Mesmo dentro dos corredores do Fermilab, o novo resultado do misterioso grupo DZero, veio como uma surpresa, descreve o físico teórico Bogdan Dobrescu, cientista da equipe do laboratório. “É muito empolgante”, comemora ele. “Esse tipo de anúncio importante não é feito com muita frequência.” Mesmo assim, observa ele, o resultado deve ser confirmado em outros experimentos antes de poder seguir adiante. “Precisamos de confirmações antes de alterar nossos livros”, salienta.

Dobrescu diz ser muito cedo para especular o papel que esse novo mecanismo pode ter para estabelecer a prevalência de matéria no Universo. “No entanto, explicar a assimetria matéria-antimatéria não deve ser o aspecto central dessa discussão”, observa. “Estamos em busca de algo mais importante, ou seja, o que são as leis da Física? A assimetria entre matéria e antimatéria é apenas uma das implicações disso.”

É bem simples colocar no papel uma nova partícula que possa explicar a assimetria no decaimento dos mesons B, afirma Dobrescu, mas é mais difícil conciliar essa partícula hipotética com o que já se sabe. “Na maior parte do tempo, se você for cuidadoso, verá que sua escolha já foi eliminada por outros experimentos”, comenta.
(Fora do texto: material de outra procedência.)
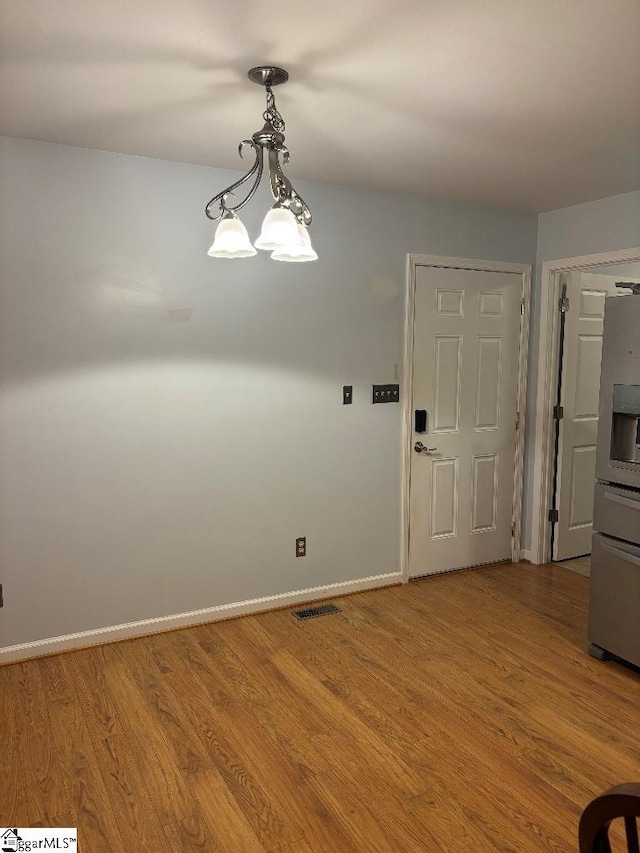 unfurnished dining area featuring wood finished floors, visible vents, a chandelier, and baseboards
Se acontecer de uma nova partícula ser de fato responsável pela estranha tendência que têm os mesons B de favorecer a matéria em lugar da antimatéria, ela pode ser descoberta nas colisões de alta energia sem precedentes do LHC. Mas não ignore o incansável Tevatron, que tem uma vantagem de muitos anos – e rios de dados bem entendidos – em relação à sua contraparte europeia. Brooijmans diz que seu “sentimento visceral” é que uma partícula assim seja observável no LHC. “E quem sabe”, acrescenta, “possa ser acessível ao Tevatron?”.